Williams announced last weekend she is the
illegitimate daughter of Thurmond, a former
segregationist, and Carrie Butler, a maid for the
Thurmond family. Thurmond was 22 and Butler was 16 when
Williams was born in 1925.
"I knew him beyond his public
image," Williams said. "Certainly never did like the
idea that he was a segregationist, but there was nothing
I could do about it. That was his life."
However,
Williams said, Thurmond never denied she was his
daughter and gave her money throughout her life. She
also said there were others who knew. "All of them on
his staff knew exactly who I was," she
said.
Williams is a retired teacher living in Los
Angeles. She said she has four children, 13
grandchildren and four
great-grandchildren.
Thurmond's family said
Monday they acknowledge Williams' claim, and the former
senator's oldest son, U.S. Attorney Strom Thurmond Jr.,
said he would like to meet his half sister and start a
relationship.
Williams said Wednesday she, too,
would like to meet Thurmond's other
children.
After Thurmond died in June at age 100,
Williams said she began to think about ending "all the
speculation and questions" about the long-rumored
relationship.
Williams said her mother didn't
tell her much about Thurmond and the relationship the
two had. During an interview set to air on "60 Minutes
II" on Wednesday night, Williams called it an "affair"

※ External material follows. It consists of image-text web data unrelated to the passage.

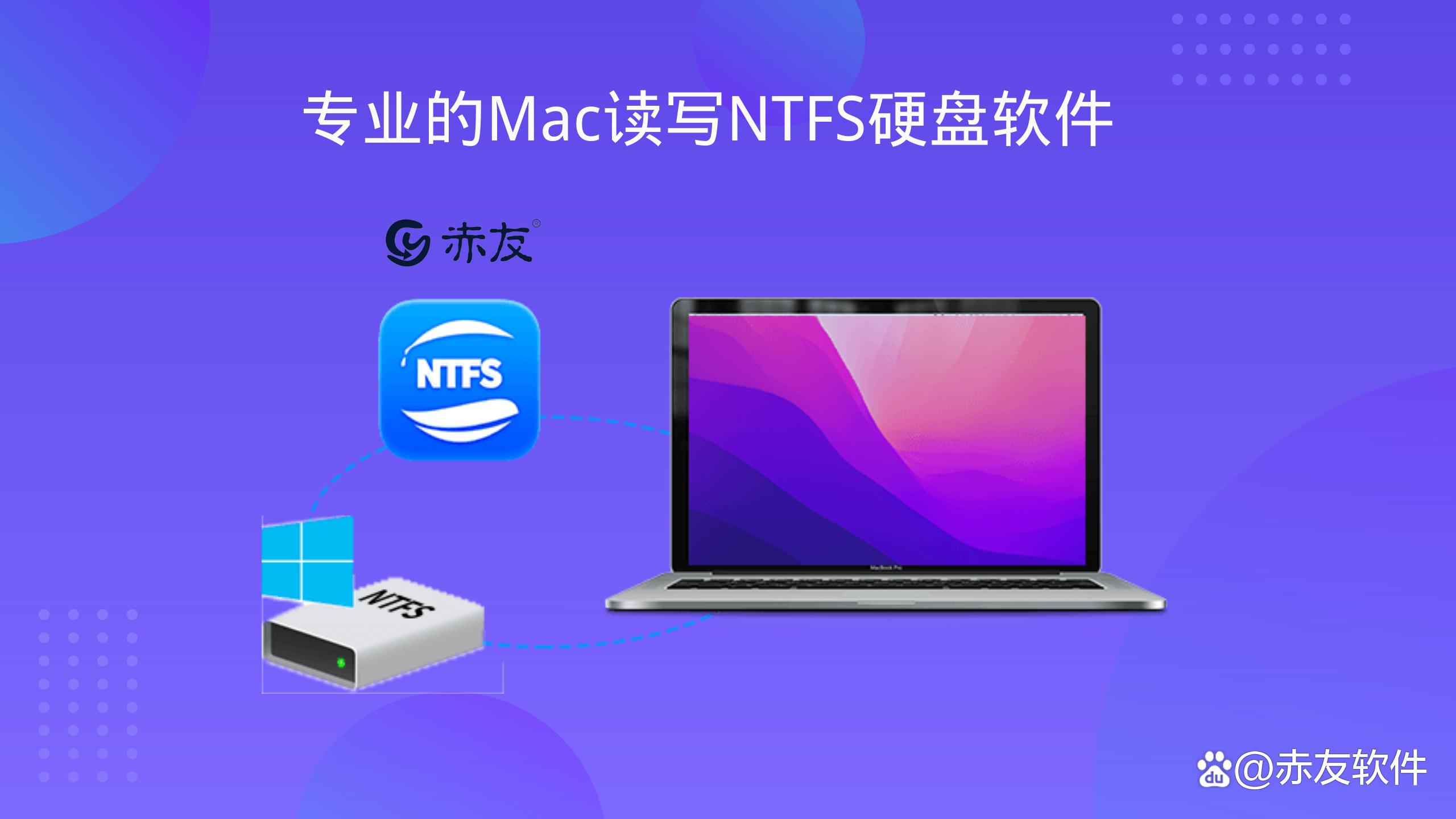 mac硬盘无法写入ntfs_mac测试硬盘读写速度_mac外接硬盘不能写入怎么办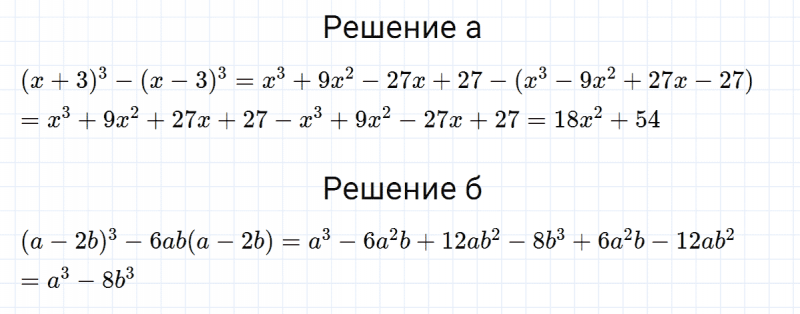 ГДЗ по алгебре 7 класс Макарычев, Миндюк номер 829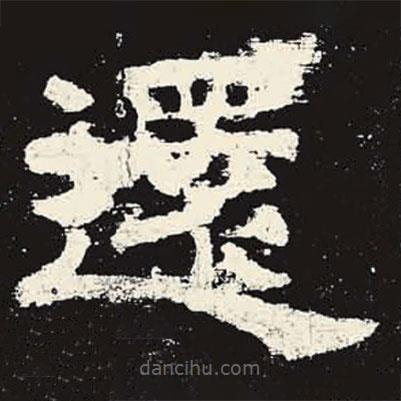 史晨碑寫的隸書還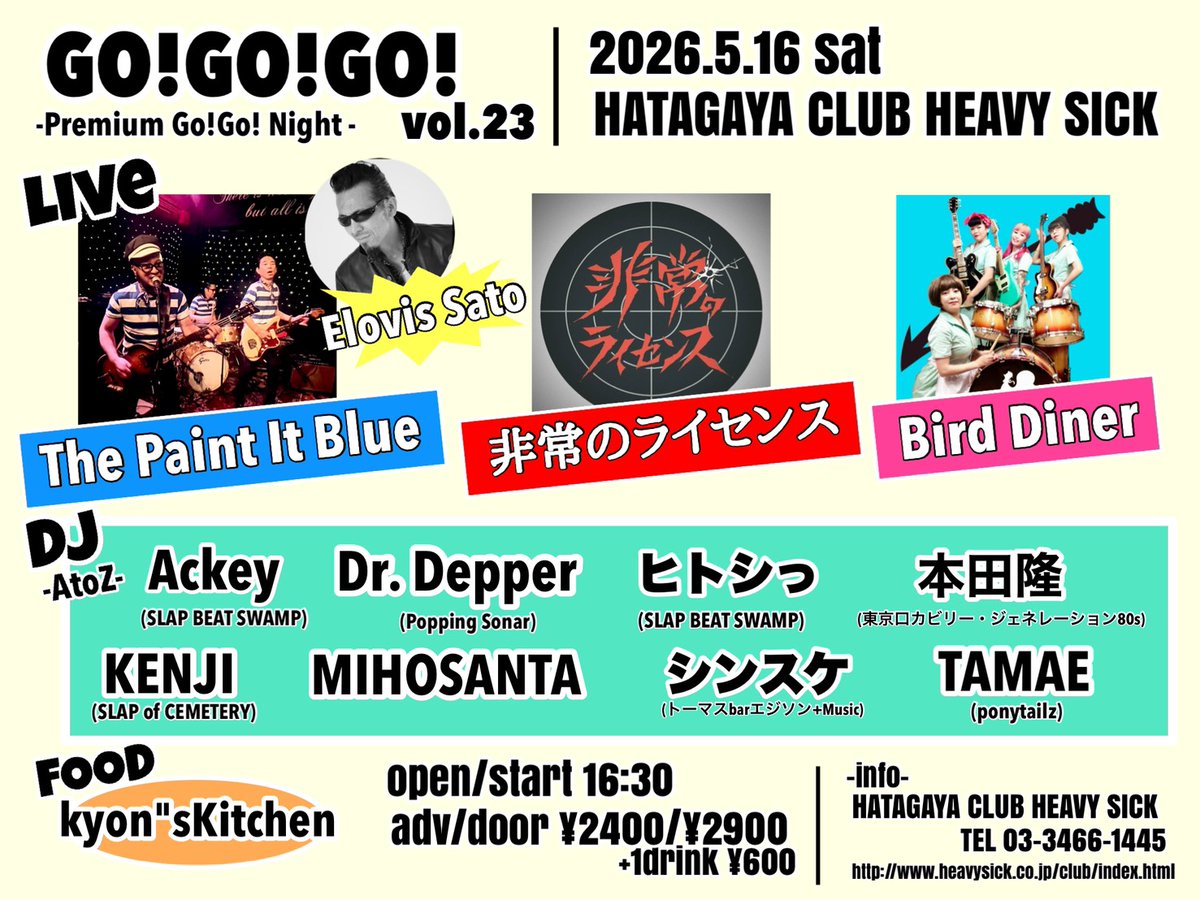 hj6120's tweet photo. 今週日曜日はSing-digで非常のライセンスです！
非常は5/16に東京のライブも入ってますよ https://t.co/n8PX6TO0iU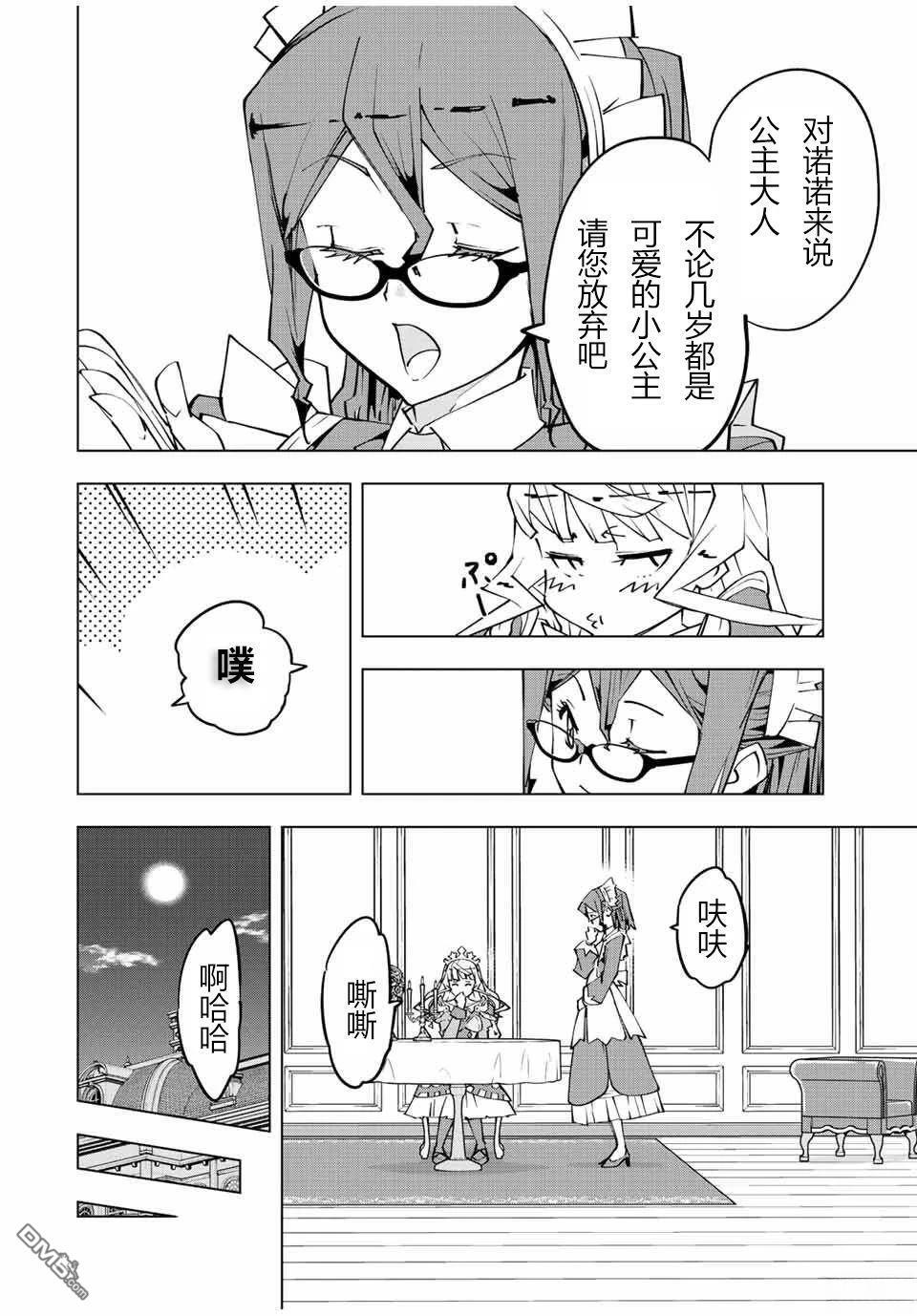 第81话 第4页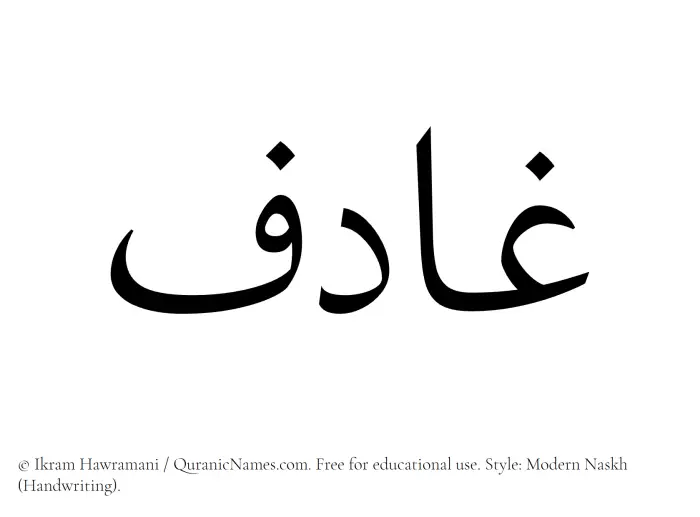 The Muslim name Ghadif written in naskh script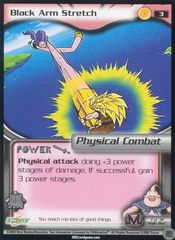 Black Arm Stretch - 003 - Limited Edition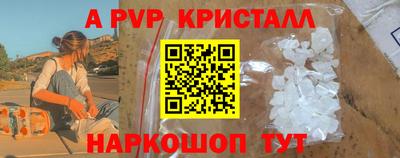 прущая мука Малоярославец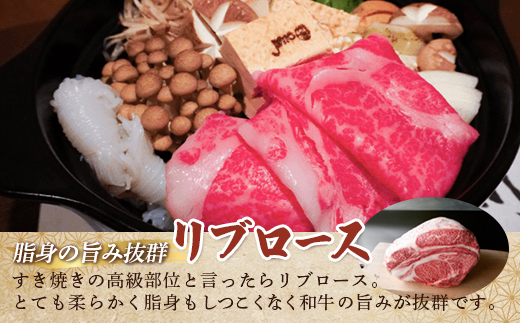 北海道産　牧場直送　黒毛和牛リブロースすき焼き用 HOKQ001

and said her mother remembered Thurmond as "very nice
person."
She recalled first meeting him in his
Edgefield office when she was 16.
"Well, you look
like one of my sisters," Williams recalled Thurmond
saying. "You've got those cheekbones like our
family."'
"So that was like almost an admission,"
Williams said.
She said Wednesday that she didn't
know her father was white until her mother "introduced
me. Then obviously, I knew."
In seven decades of
politics, the former governor and senator gained fame
and infamy as an arch-segregationist, but he later came
to support a holiday for slain civil rights leader
Martin Luther King.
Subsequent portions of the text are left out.